====== Data for review

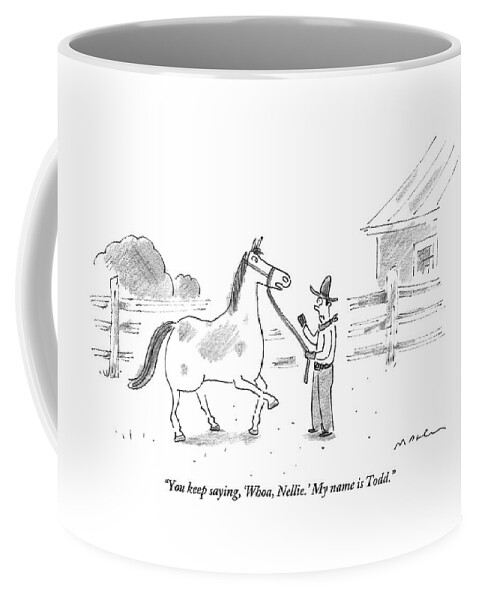A Horse Speaks To A Cowboy Trying To Calm Coffee Mug
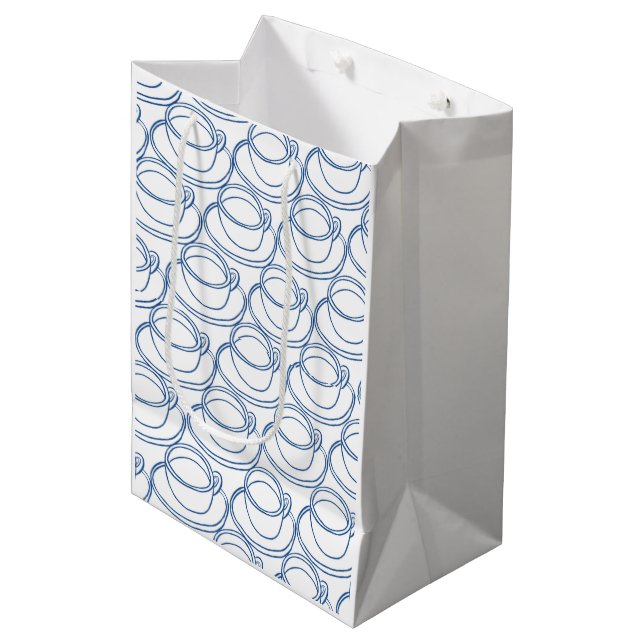 Sac Cadeau Moyen Tasses à thé d'art bleu et blanc (Devant Angle)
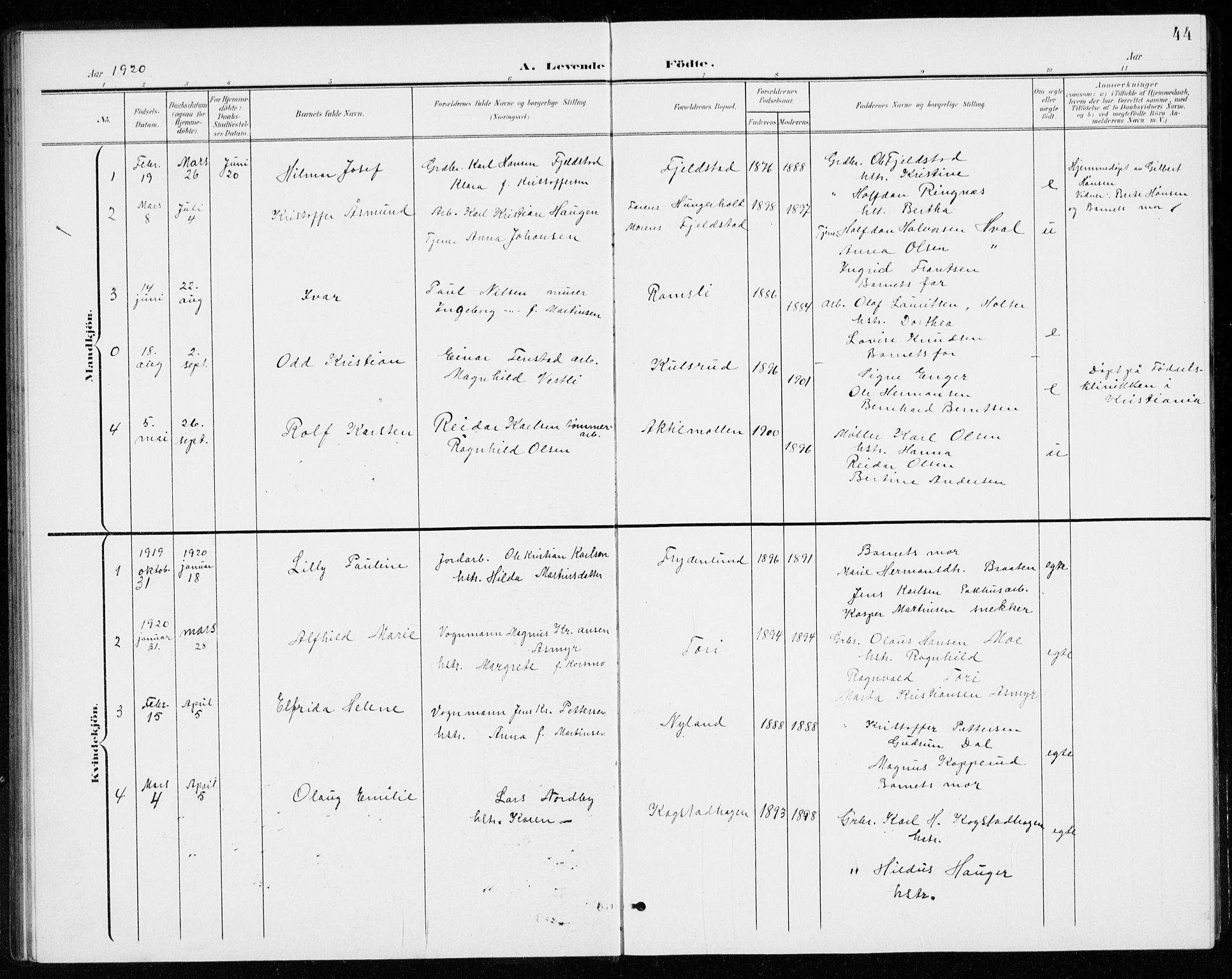 Gjerdrum prestekontor Kirkebøker, SAO/A-10412b/G/Gb/L0001: Parish register (copy) no. II 1, 1901-1944, p. 44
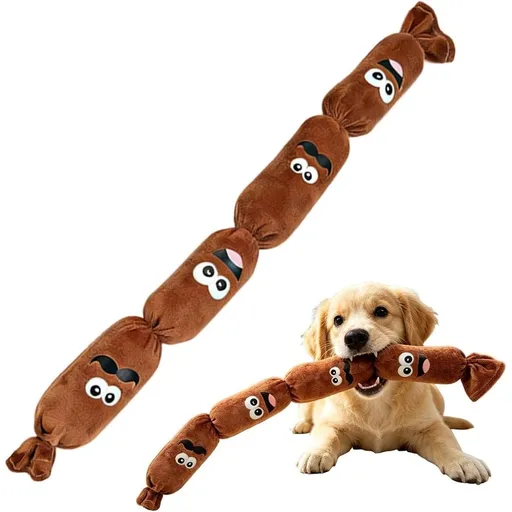 Squeaky Plush Sausage Dog Chew Toy, Interactive Squeaky Toy for Puppy Teething, Boredom and Anxiety Relief for Small to Large Dogs
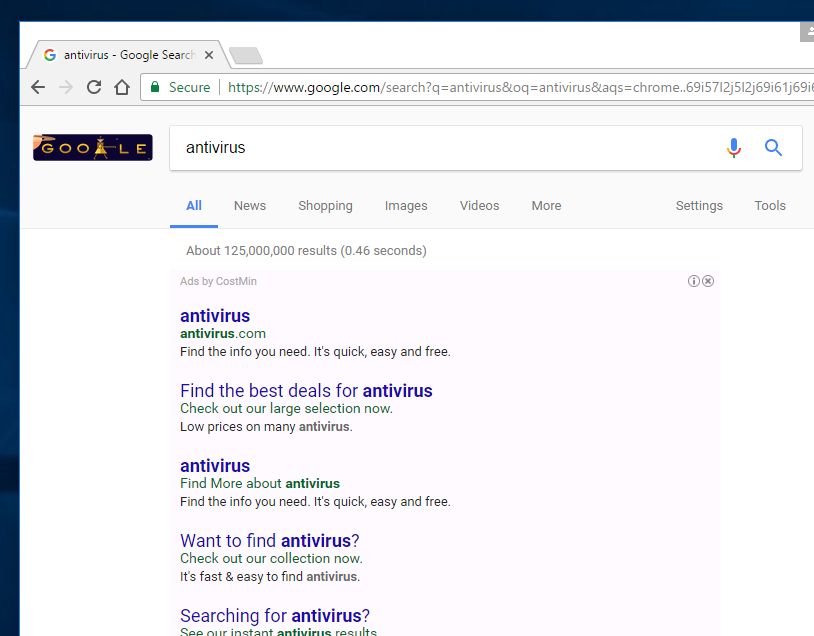 Ads by CostMin adware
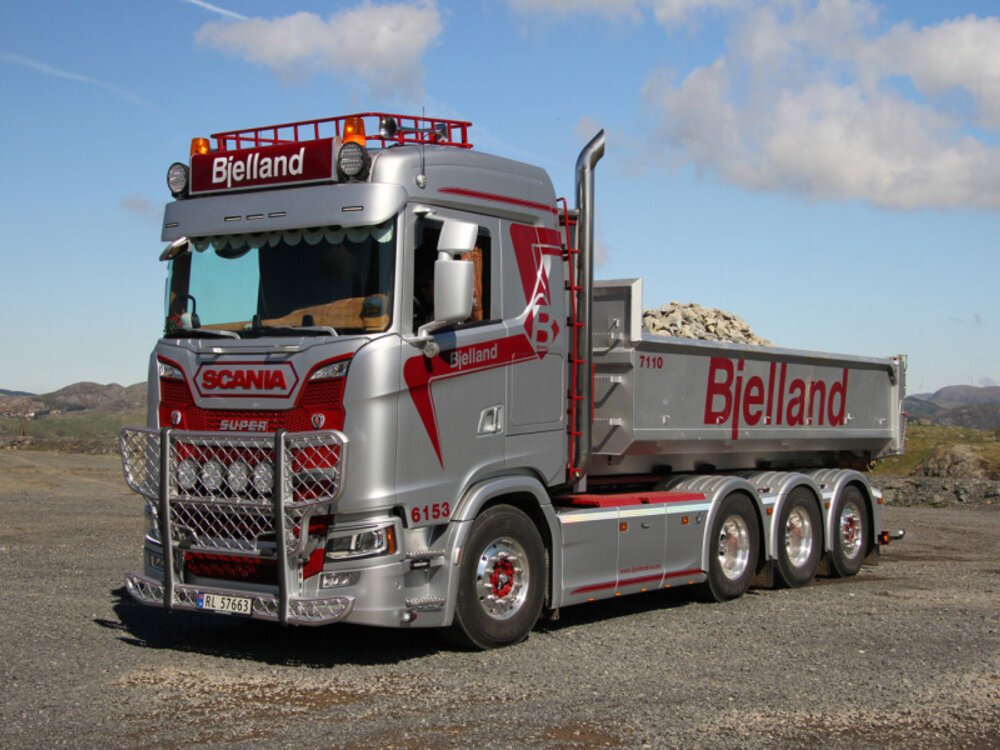 WSI WSI Scania S  bakwagen met haakarm  8x4 + haakarm container  BJELLAND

============

__Task item__. Could you write out again, exactly, the lines from the line containing "Ads by CostMin adware" through the last line of the records above? Leave out the pictures.

__Expected answer__.
 Ads by CostMin adware
 WSI WSI Scania S  bakwagen met haakarm  8x4 + haakarm container  BJELLAND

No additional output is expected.